[Source data]
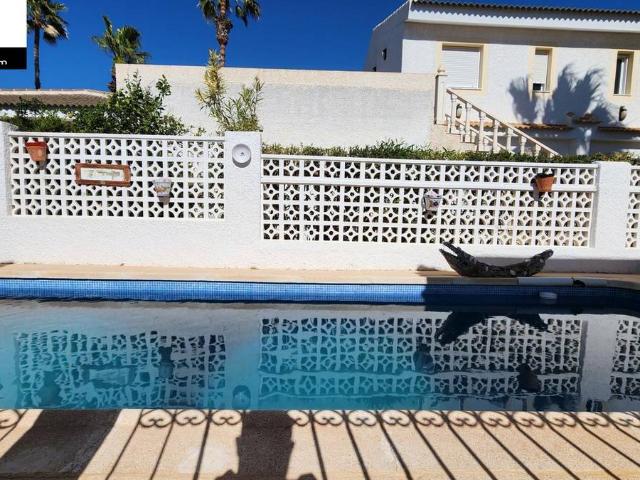 Chalet en venta en Los Alcázares, Campo de Cartagena y Mar Menor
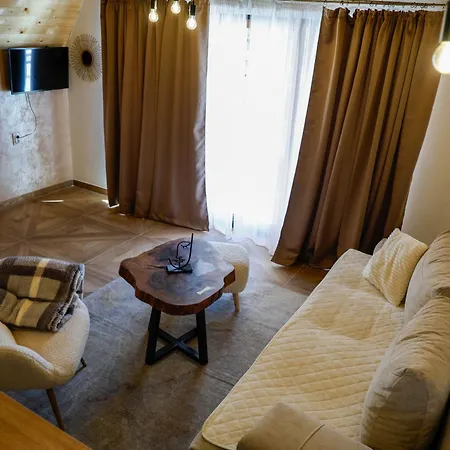 Vikendica Monte Pino Romanija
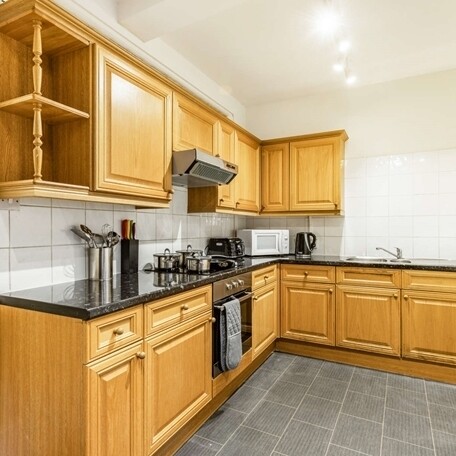 Park Road, London, NW8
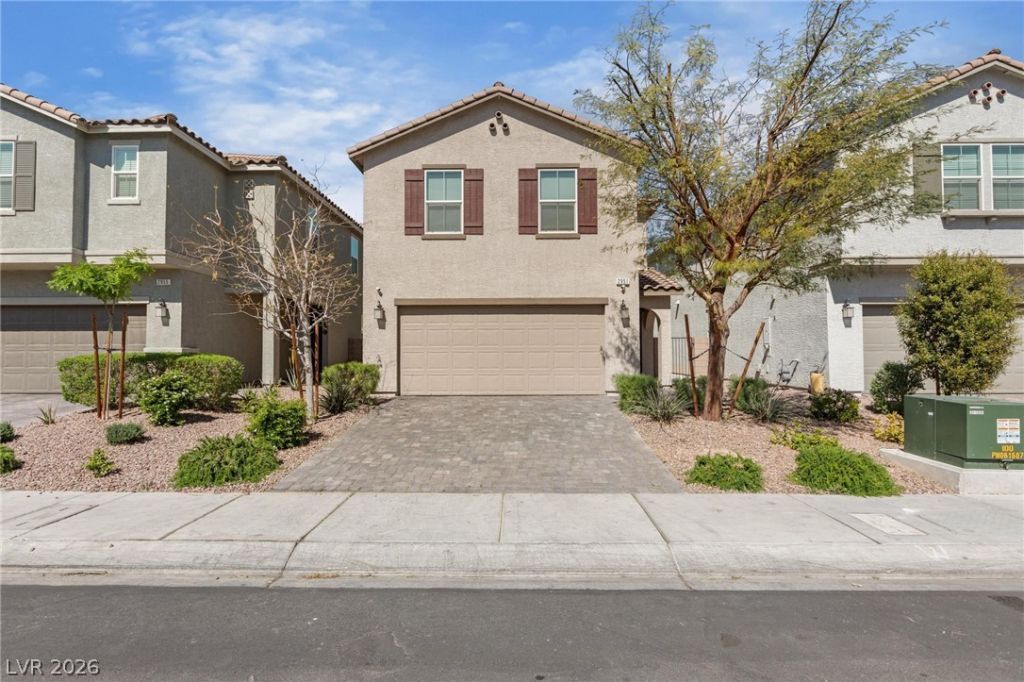 2951 Saltillo Lane, Las Vegas, NV 89121 Main Photo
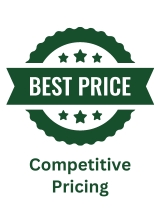 Competitive Pricing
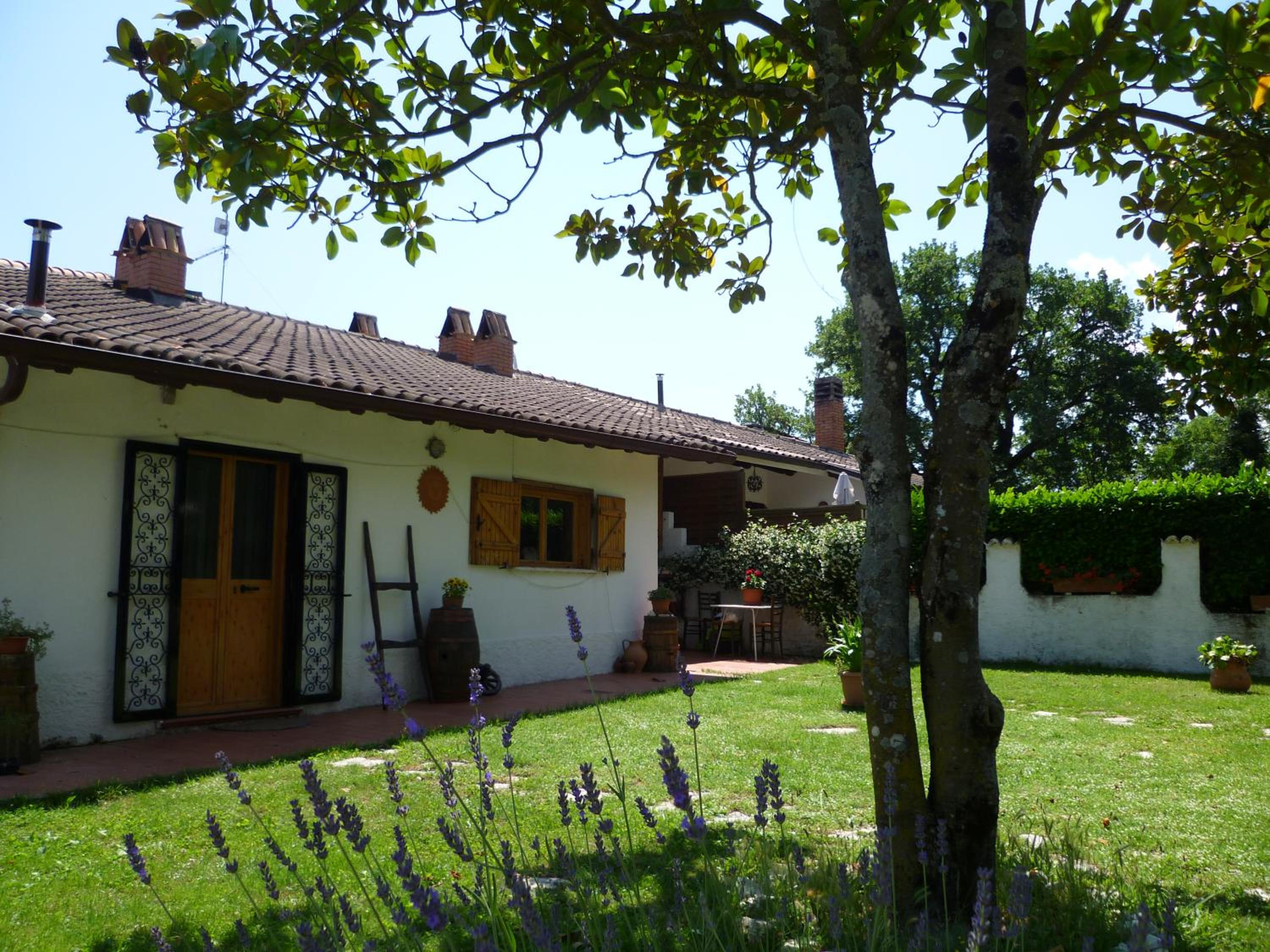 B&B Colle di Terria Country House view 5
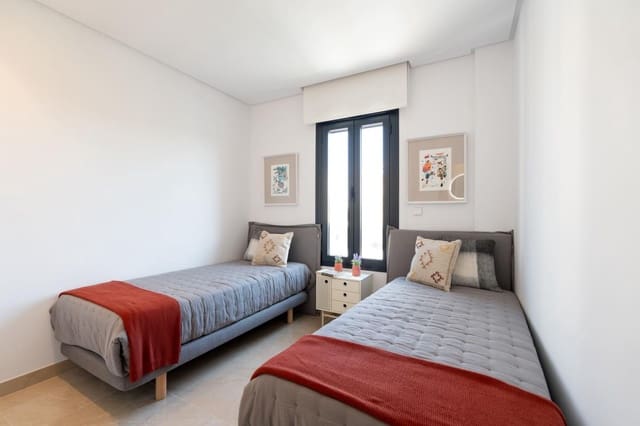 3 soveværelse Byhus til salg i La Marina, Elche / Elx med swimmingpool - € 459.000 (Ref: 9954493)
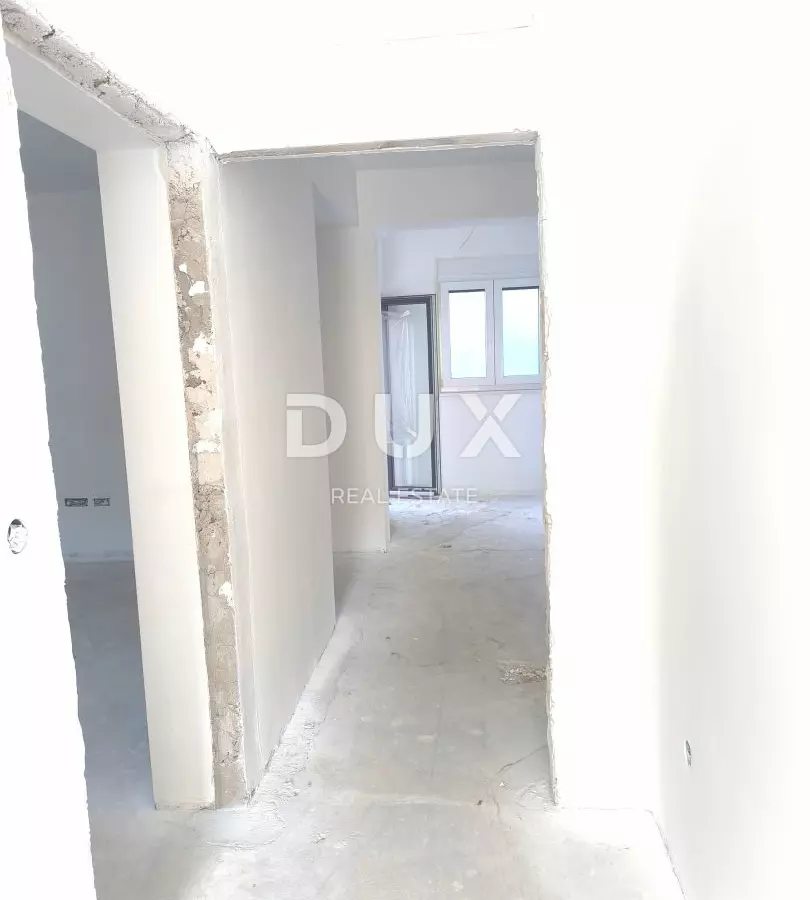 2-bedroom Apartment In Pobri, Croatia (72 M²)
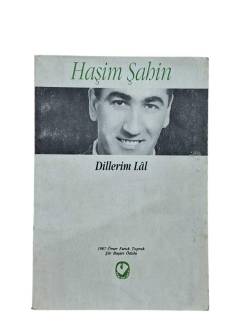 DİLLERİM LAL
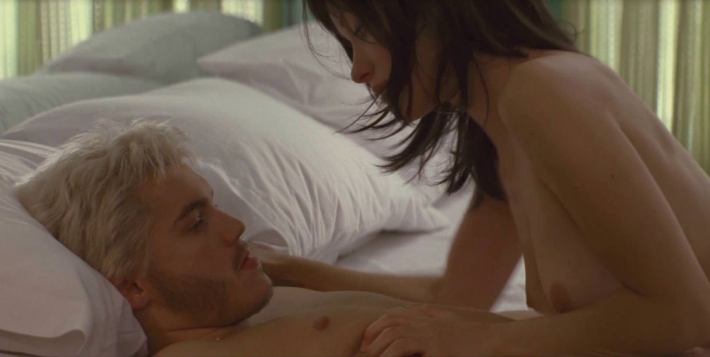 Оливия уайлд голая альфадог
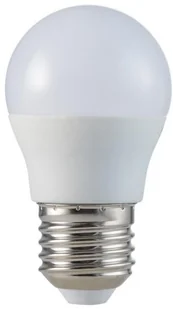 V-TAC Żarówka LED 5.5W E27 G45 Kulka CRI95+ VT-2216 2700K 470lm - Żarówki LED - miniaturka - grafika 6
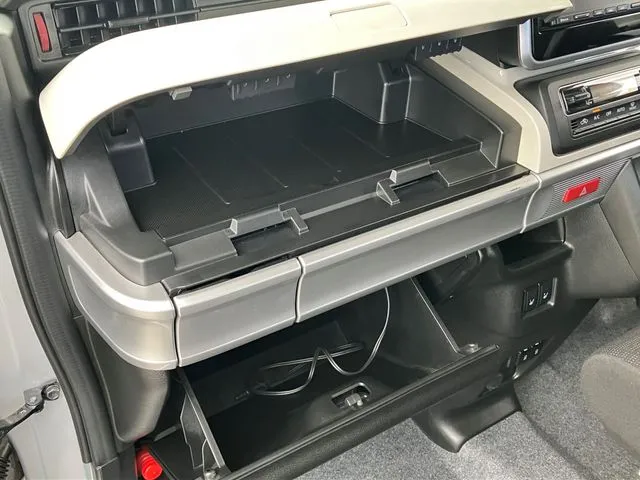 スペーシア　４ＷＤ（スズキ）の車両写真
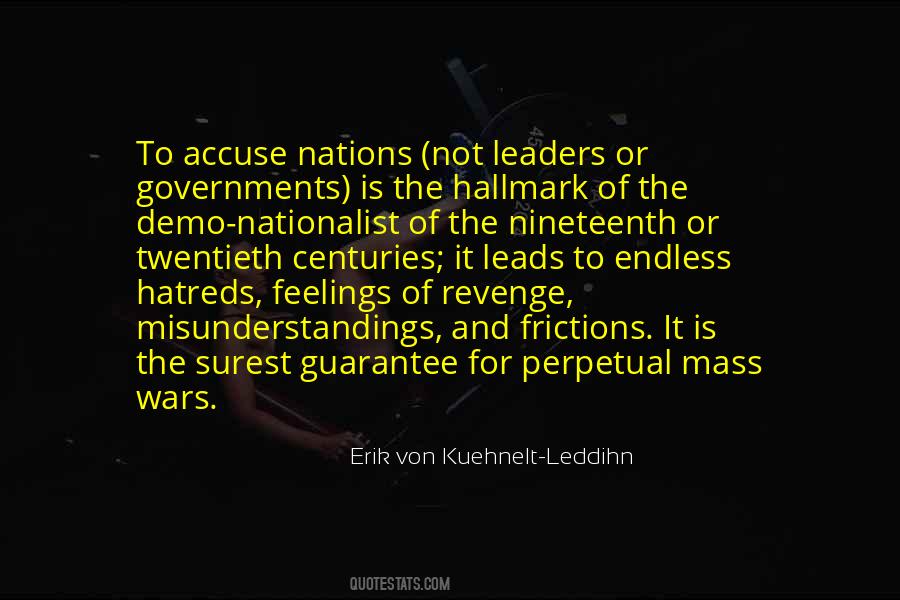Quotes About Democracy And Peace #1595907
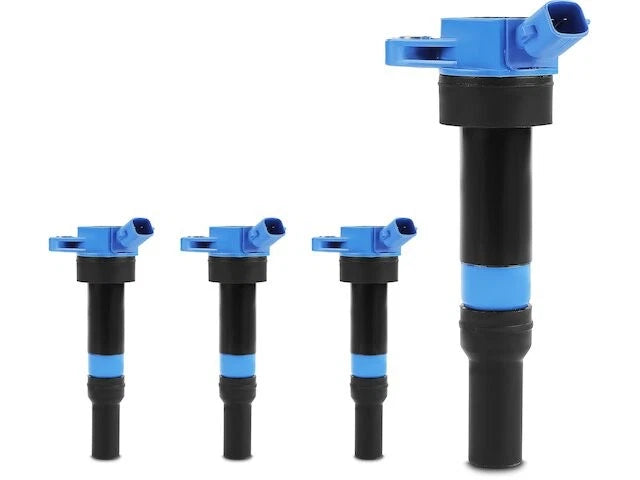 Ignition Coil Kit for Hyundai Elantra GT (2013–2020) 23995SNQR
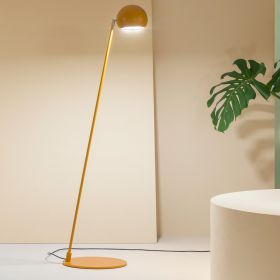 ATRAX Modern floor lamp - reading lamp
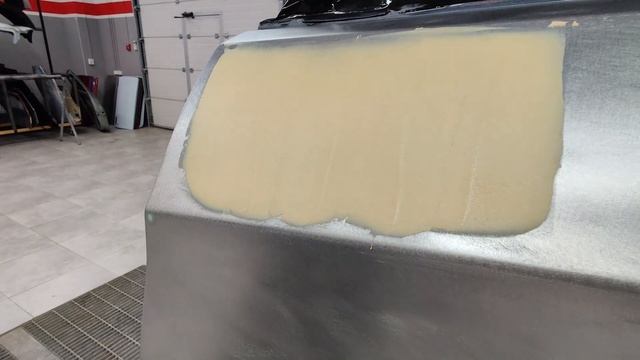 Шпатлёвка ULTRA MULTI от NOVOL смотреть онлайн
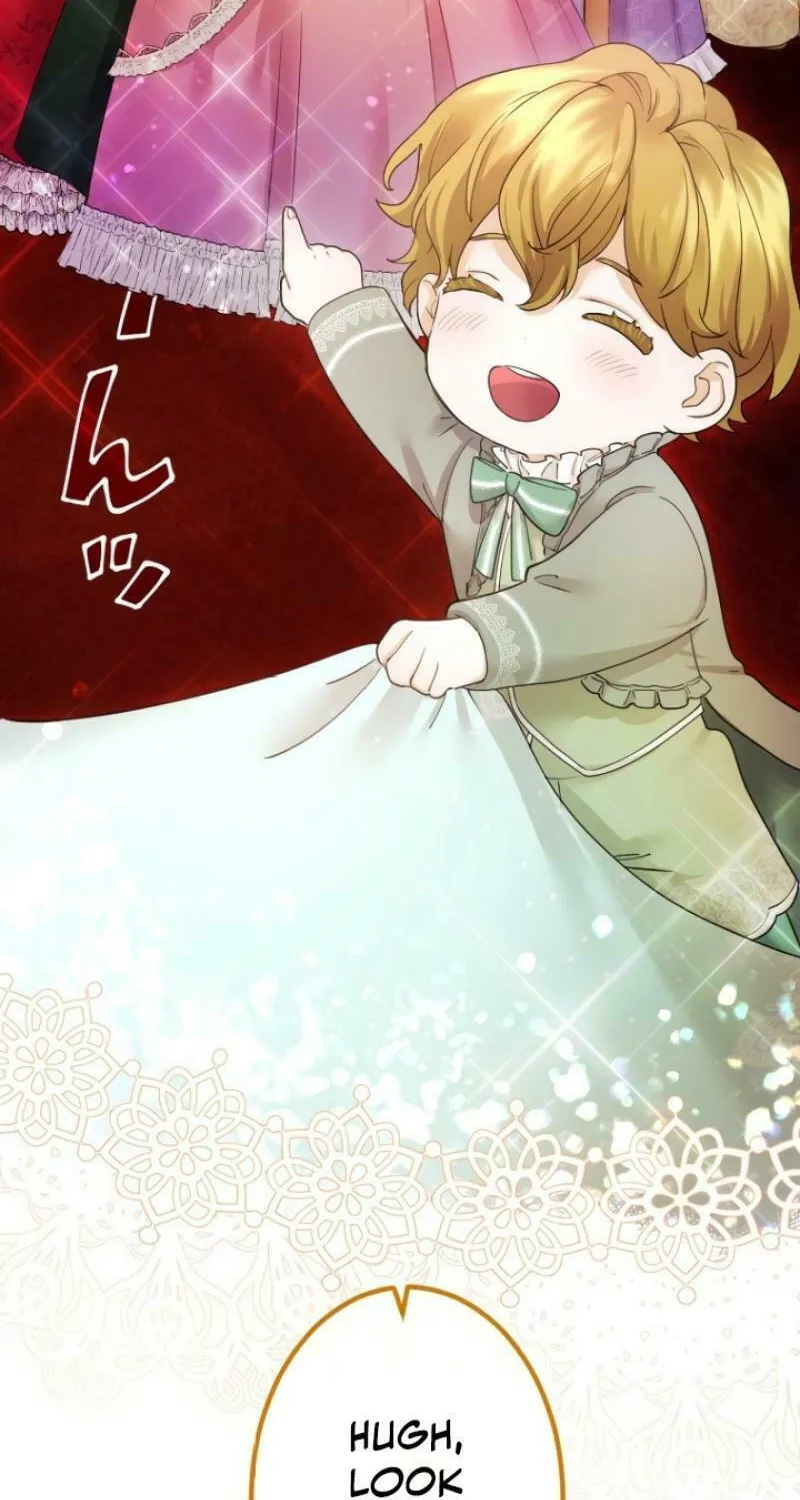 Munou na Mamahaha desu ga, Kazoku no Dekiai ga Tomarimasen! Chapter 7 page 71 -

Task directions — Pictures in the records above are to be left out of an otherwise exact copy.

Reply to the exercise —
 Chalet en venta en Los Alcázares, Campo de Cartagena y Mar Menor
 Vikendica Monte Pino Romanija
 Park Road, London, NW8
 2951 Saltillo Lane, Las Vegas, NV 89121 Main Photo
 Competitive Pricing
 B&B Colle di Terria Country House view 5
 3 soveværelse Byhus til salg i La Marina, Elche / Elx med swimmingpool - € 459.000 (Ref: 9954493)
 2-bedroom Apartment In Pobri, Croatia (72 M²)
 DİLLERİM LAL
 Оливия уайлд голая альфадог
 V-TAC Żarówka LED 5.5W E27 G45 Kulka CRI95+ VT-2216 2700K 470lm - Żarówki LED - miniaturka - grafika 6
 スペーシア　４ＷＤ（スズキ）の車両写真
Quotes About Democracy And Peace #1595907
 Ignition Coil Kit for Hyundai Elantra GT (2013–2020) 23995SNQR
 ATRAX Modern floor lamp - reading lamp
 Шпатлёвка ULTRA MULTI от NOVOL смотреть онлайн
 Munou na Mamahaha desu ga, Kazoku no Dekiai ga Tomarimasen! Chapter 7 page 71 -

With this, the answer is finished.